Les origines et les fondements[modifier | modifier le code]

Certains auteurs situent les origines des approches en termes de « qualité de vie au travail » (QVT) dans les années cinquante, avec des travaux menés au Tavistock Institute of London. Les chercheurs, Fred Emery et Éric Trist[1],[2], auraient dégagé ce concept pour le distinguer des formes classiques de l’organisation du travail issues du néotaylorisme américain.

L’INRS considère cependant que la notion de qualité de vie au travail (QVT) en tant que telle est apparue au début des années soixante-dix dans les pays anglo-saxons[3]. Pour cet institut, la notion «renvoie aux conditions et aux caractéristiques du travail qui contribuent à la motivation, la performance et la satisfaction au travail, sans qu’une définition consensuelle se dégage».

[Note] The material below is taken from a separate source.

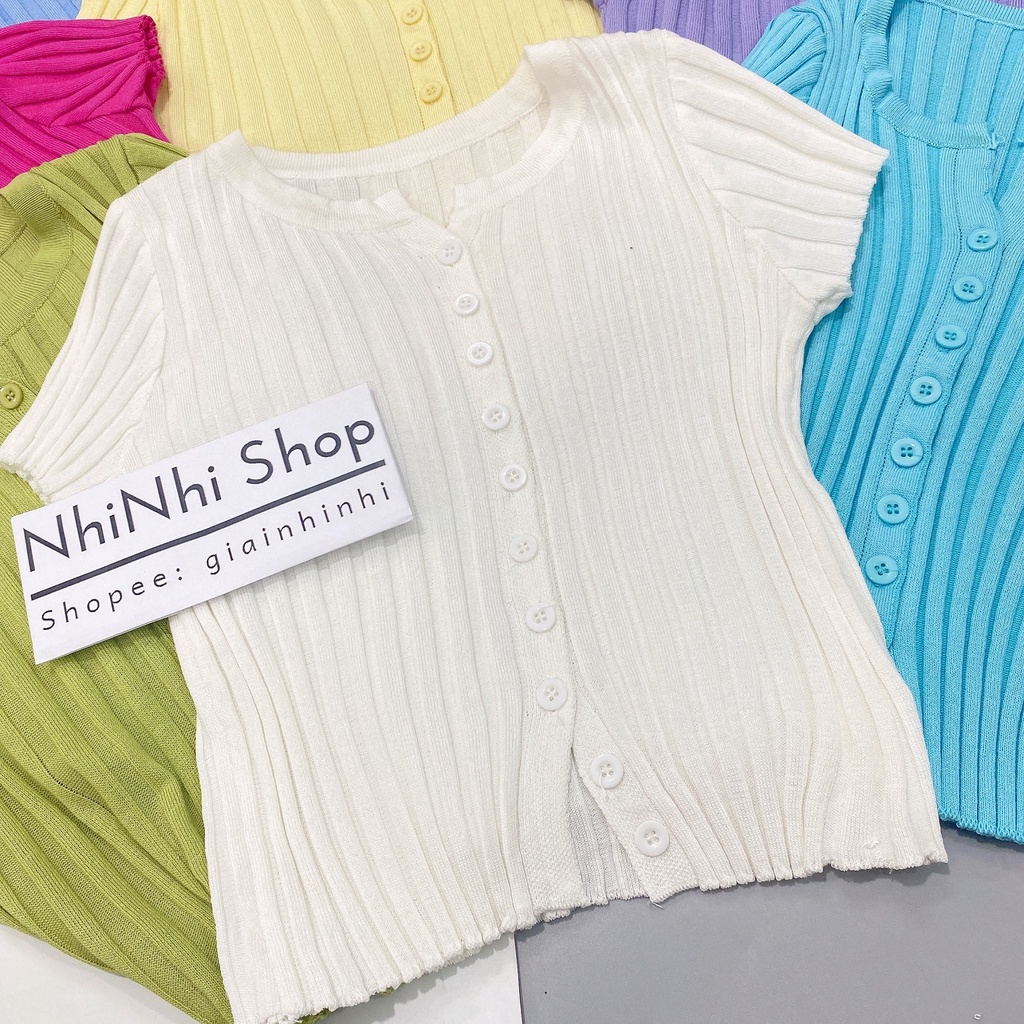 Áo len dáng croptop cài cúc, Áo len mỏng dáng ngắn AL1211 - NhiNhiShop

Ses principes reposent sur le présupposé que l’amélioration de la qualité de la production doit aller de pair avec l’amélioration des conditions de travail.

L'Agence nationale pour l'amélioration des conditions de travail (ANACT) a lancé dans les années 2000 un événement national : la « semaine pour la qualité de vie au travail (SQVT) ».

En 2010, le rapport Lachmann, Larose et Penicaud[4] sur « Le bien-être et la santé au travail » amène le débat social sur une notion proche[3]. Il s’agit d’envisager le travail comme une ressource psychosociale à actionner de manière proactive plutôt que comme une source de souffrance dont il s’agit de modérer les effets.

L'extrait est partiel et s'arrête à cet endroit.